3T butter (or bacon grease for the added flavor)
2T all purpose flour
1 ½ c chicken or seafood stock
1 c diced onion
½ c green bell pepper, diced (or substitute red bell pepper)
½ c diced celery
2 garlic cloves, finely chopped
1 bay leaf
½ c ketchup (yes, ketchup)
14oz can of diced tomatoes (or two medium tomatoes, seeded and diced)
½ t cayenne
½ t smoked paprika
salt and pepper
1t dried thyme (or 2t fresh thyme chopped)
1t dried basil (or 2t fresh basil chopped)
1t dried oregano (or 2t fresh oregano chopped)
1 lb shrimp, peeled and deveined ( I use 26-30 count)

Utensils

1 large sauté pan or skillet, 2c measuring cup, teaspoon

First you make a roux :- ) Melt 3T butter in a sauté pan over medium heat. When the butter is melted, sprinkle the flour over the butter and whisk until smooth and the mixture turns a medium caramel color. Add the onion, celery and bell pepper. Cook until the onion is translucent and the celery and bell pepper have softened. Add salt and pepper to taste. Next add the garlic and sauté for 2-3 minutes more. You want to make sure the garlic is no longer raw. Clear a little space in the mixture and add the cayenne and paprika to this empty space. Within a minute or when you can smell the cayenne and paprika, stir in the ketchup, tomatoes, thyme, basil, oregano, bay leaf. Slowly add half of the stock and stir until thickened slightly. Add more stock until you get it to the desired thickness. Simmer for 10 minutes. Add the shrimp and simmer on low heat till the shrimp turns pink. Taste again and add salt and pepper, if necessary. Serve with rice.

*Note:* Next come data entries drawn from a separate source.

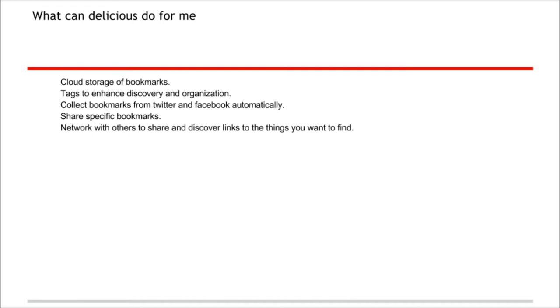Delicious provides cloud storage of bookmarks, tags to enhance discovering and organization, collect bookmarks from Twitter and Facebook automatically, share specific bookmarks, and network with others to share and discover links to the things you want to find.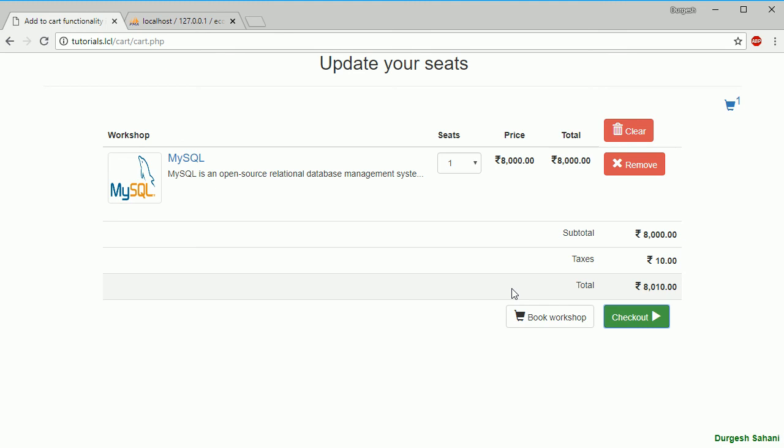CCAvenue payment gateway integration will do from the next session. So thank you very much guys for watching. If you like my videos, please don't forget to subscribe my channel.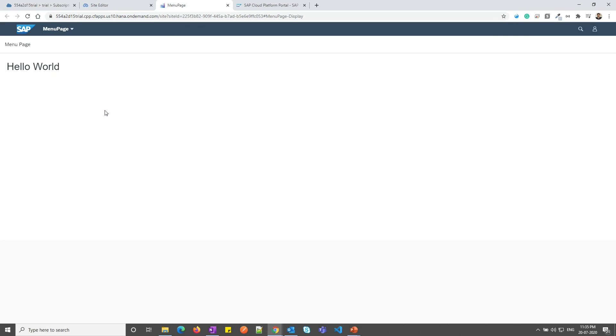That's it for this video. In the next video, I will add few more pages and widgets to the site and we will create a wonderful looking site. Thank you for listening. Please do like, share and subscribe to UTech Academy.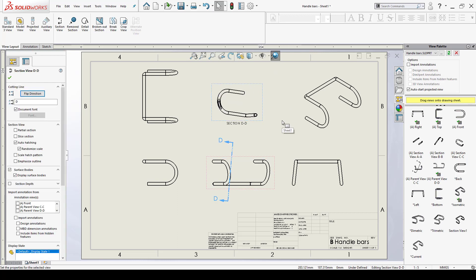So again it's just another way that I can create a section view without doing it inside the actual drawing. So I could have actually created this beforehand then created my drawing and then drag it out. Now if you have another way of doing this or adding section views why don't you go ahead and let me know inside the comment section. Give us a like and of course subscribe.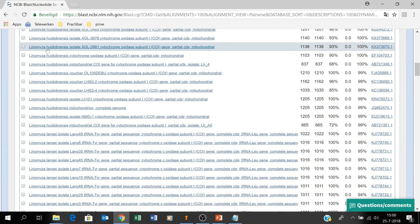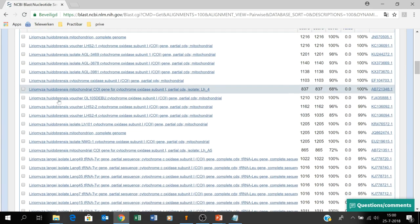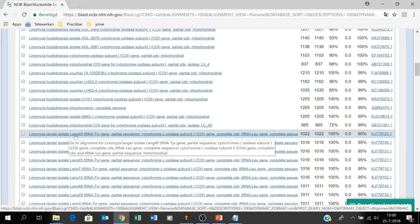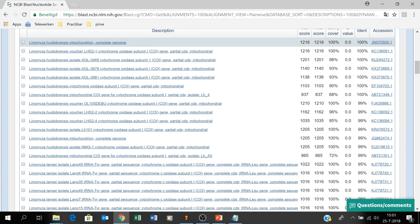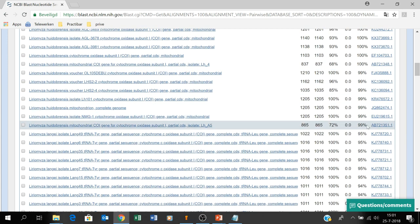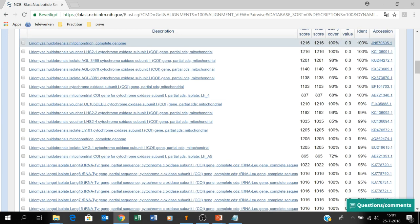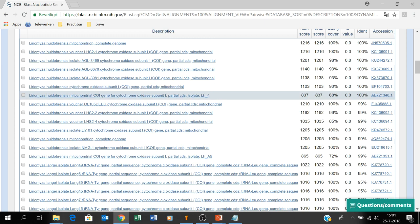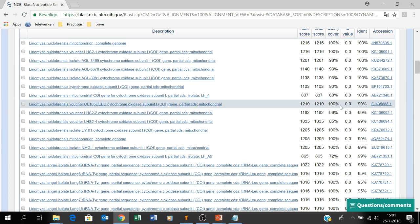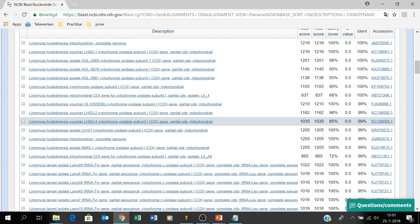You can see all Liriomyza huidobrensis entries, and then you get Liriomyza langei at about 95% identity. Liriomyza huidobrensis is 100% to 99% identical, and you have a coverage of 100% down to 72% or even 68%. Low coverage doesn't necessarily mean the sequence is very different — it's probably because the sequence in GenBank is shorter than our query sequence.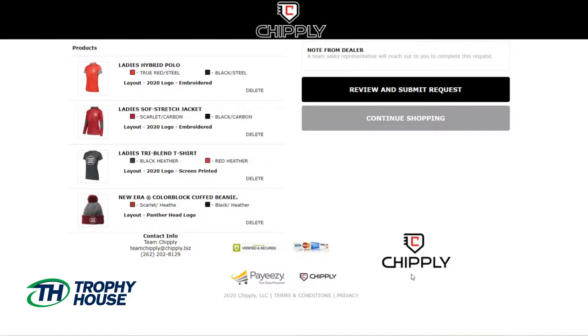I am now able to review my request and continue shopping if I think I forgot anything. Everything looks good, so I'll review and submit my request.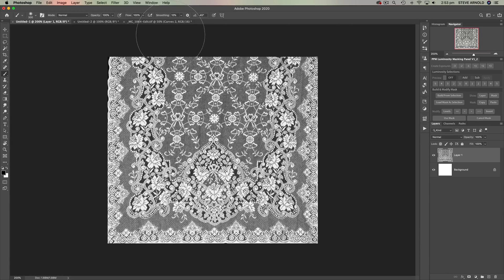Here's the kicker: a luminosity selection can be thought of as a lace curtain stencil, so that when you brush through it different amounts of paint are going to make it through in different areas depending on the pattern. When it comes to luminosity masking, the pattern of the lace curtain is actually created from the image itself based on the brightness of each pixel.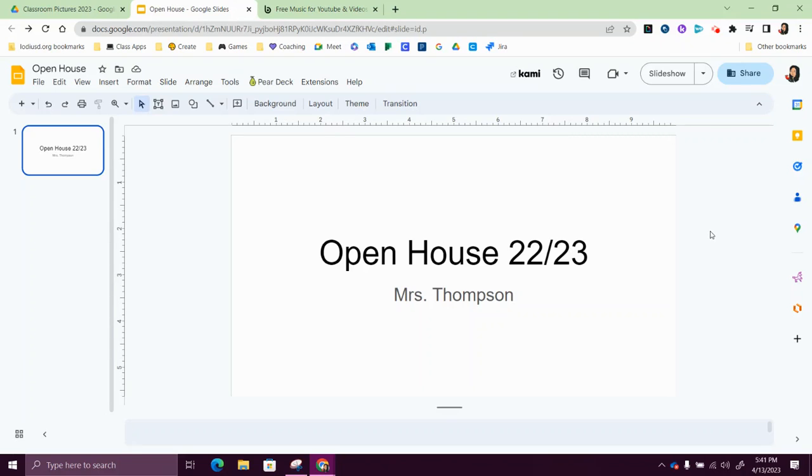Hi there, in this video I'm going to show you how to create a picture slideshow in Google Slides. So I just went ahead and started a new slideshow and titled it.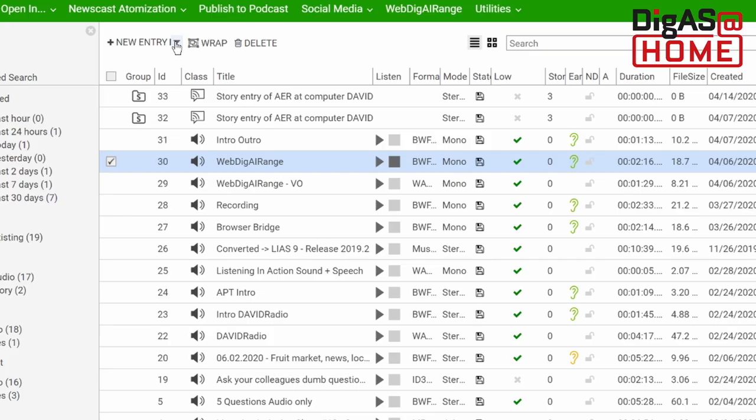You can also create new entries in Content Manager, record audio via the web browser, or create and edit text.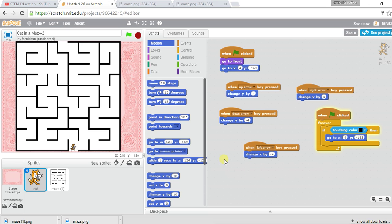So that's the core of our maze game. We downloaded a maze image and used it in our game. The cat resets to the start if it touches the black walls. In the next lecture, we'll add a customized maze and finish the game. Bye for today!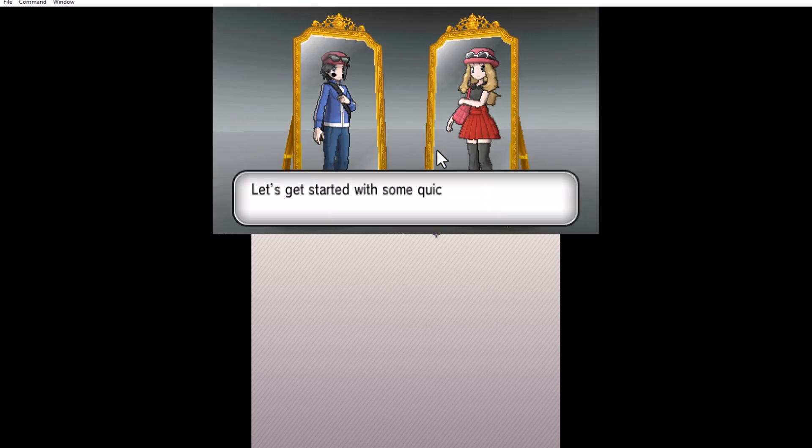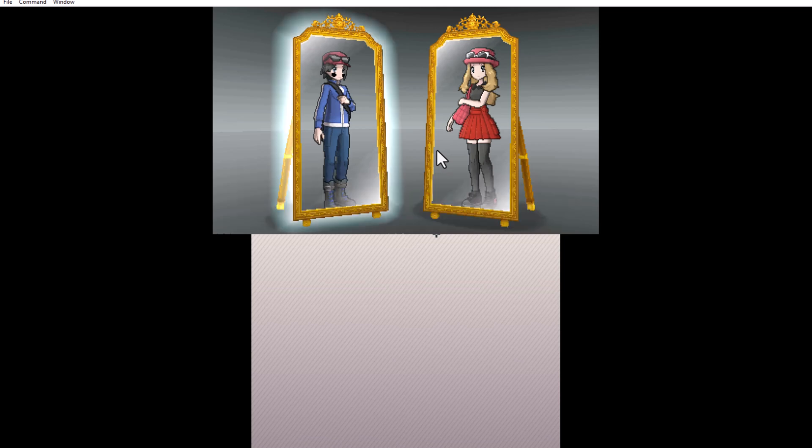After selecting the language, the game lets me choose a character. I pick the one I like and give them a custom name.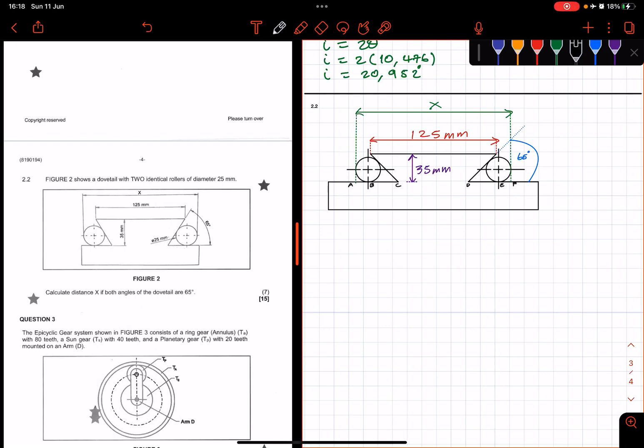Hello again everyone. Kotungane, the Nated God here. Now we'll be looking at question 2.2, and it reads as follows: Figure 2 shows a dovetail with two identical rollers of diameter 25mm. Calculate distance x if both angles of the dovetail are 65 degrees.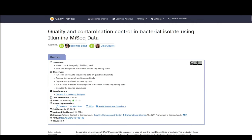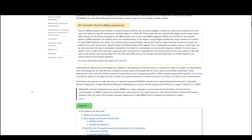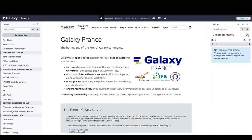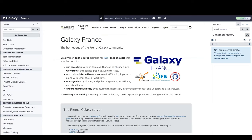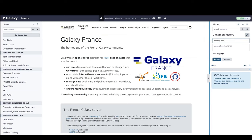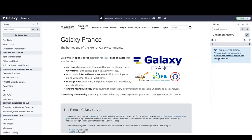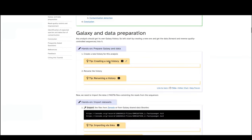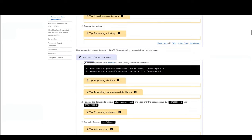The best way to get started is to create a new history if you haven't done it already. Create a new history — I will call mine 'quality and contamination control' — and you need to save it. Now we have our new history and we need to import some datasets.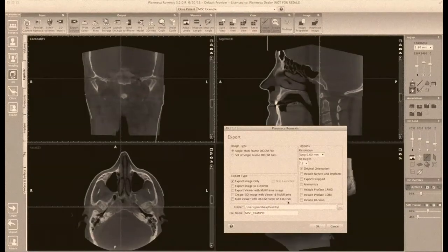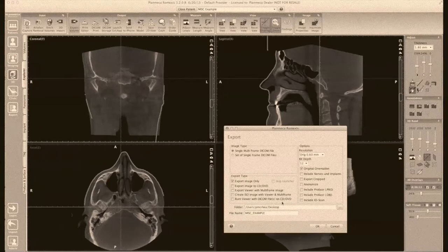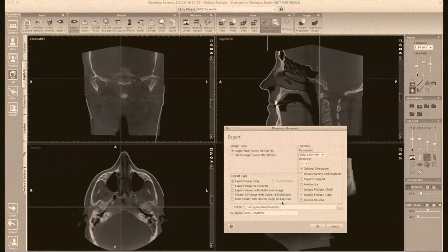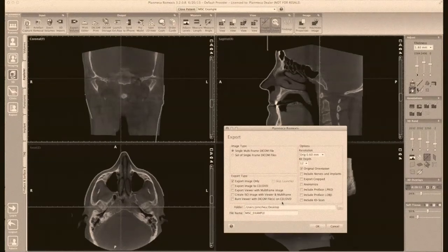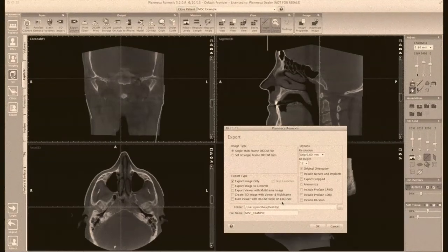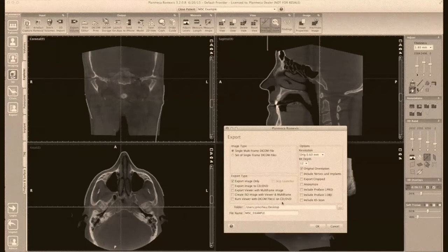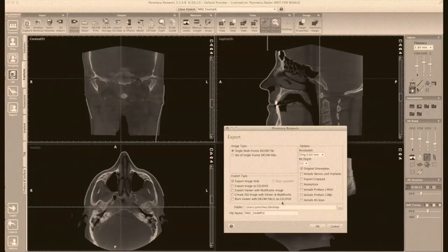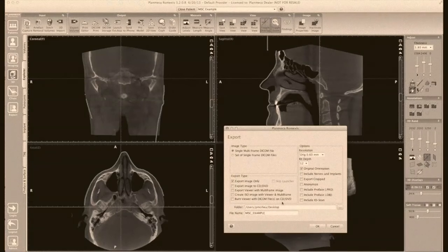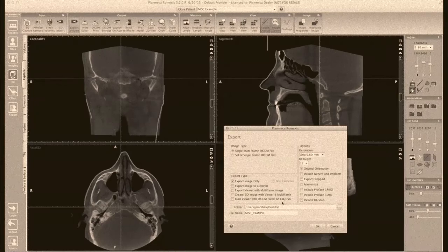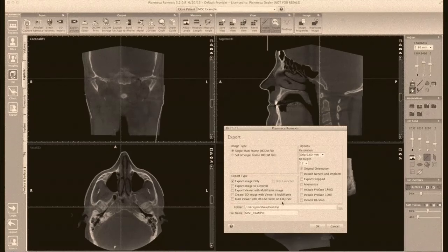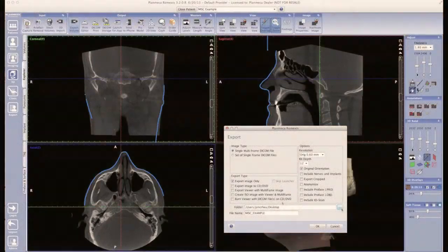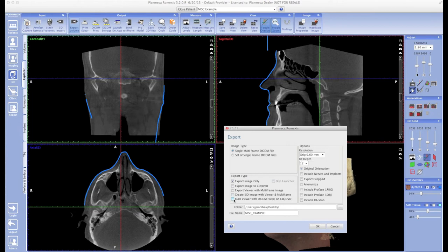So let's get to that. The first thing you're going to want to do is check that box that says Burn Viewer with DICOM Files on CD or DVD. Now, of course, you can use either a CD or a DVD, but I would personally recommend using a DVD. So let's go ahead and put a blank DVD into our computer now.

This quick shrimp creole freezes well.

Biscuits, Bread, Quick Jams

Lavender and Lemon Scones with Raspberry Jam

Homemade lavender and lemon scones with raspberry jam on your table in about 30 minutes, still warm from your oven. Oh yes!

This scone recipe is a gem. My husband is from Ireland, where, for a Texan, regardless of the time of year, it is always somewhere between chilly and downright cold. But the tea is hot and strong and the pastries grand. I don’t think I will ever make a loaf of soda bread as well as my mother-in-law, Mae. So, I’ve concentrated on making a great scone. There is one shop in Collooney in County Sligo that has the best scones I’ve ever had. I’ve been trying for years to get the crumbly lightness, rise and flavor of those scones when I make mine. With this recipe I think I’m almost there – even the dough is so good it is hard not to sample a bite or three as you’re rolling it out.

Today I timed myself to make sure I could actually make and serve lavender and lemon scones with freshly made raspberry jam in around 30 minutes. And I did. So, on your marks, get set, cook!

Lavender & Lemon Scones with Raspberry Jam

Turn your oven on at 350F degrees.

Raspberry Jam

Quick, simple & delicious

Ingredients

1c fresh raspberries

1c white granulated sugar

1t lemon zest (optional)

Utensil

A wide shallow ovenproof pan that will hold the amount of raspberries you use.

20150729 Rasberries in sugar jam_MG_1034.CR2

Mix equal parts fresh raspberries (1 cup) and white granulated sugar (1 cup) and the lemon zest in a wide shallow dish. Put the berry mix in the 350F oven for about 20 minutes. You want the mix very hot but not boiling. I set a timer so I don’t forget to check the jam after 10 minutes just to make sure it isn’t boiling. After 20 min, pour into a bowl and stir to make sure the sugar has melted. Note: This jam is runny – somewhat like a syrup.

Lavender & Lemon Scones

While you are cooking the raspberries, start on the scones. As the jam comes out of the oven, your scones will be ready to go in. This recipe makes 12 small scones.

Ingredients

2c white, all purpose flour

1T baking powder

¼ c granulated white sugar

2T lemon zest, approx. 2 medium-sized lemons

pinch of salt

4T cold butter, cut into ½ inch pieces

1 ½ tsp dried lavender or 2 tsp of fresh lavender

3/4c milk, cold

1 egg beaten with 1 tsp warm water to brush the top of the scones

Heat oven to 425 F

Utensils

1 medium to large bowl, 1 fine sieve, a 1c measuring cup, 1T measuring spoon, 1/4c measuring cup, 1 t measuring spoon, 1 liquid measuring cup, small bowl to mix the glaze, pastry creamer or two knives to mix the butter into the flour, a 2” cookie cutter, a rolling pin (optional), and a cookie sheet lined with parchment paper.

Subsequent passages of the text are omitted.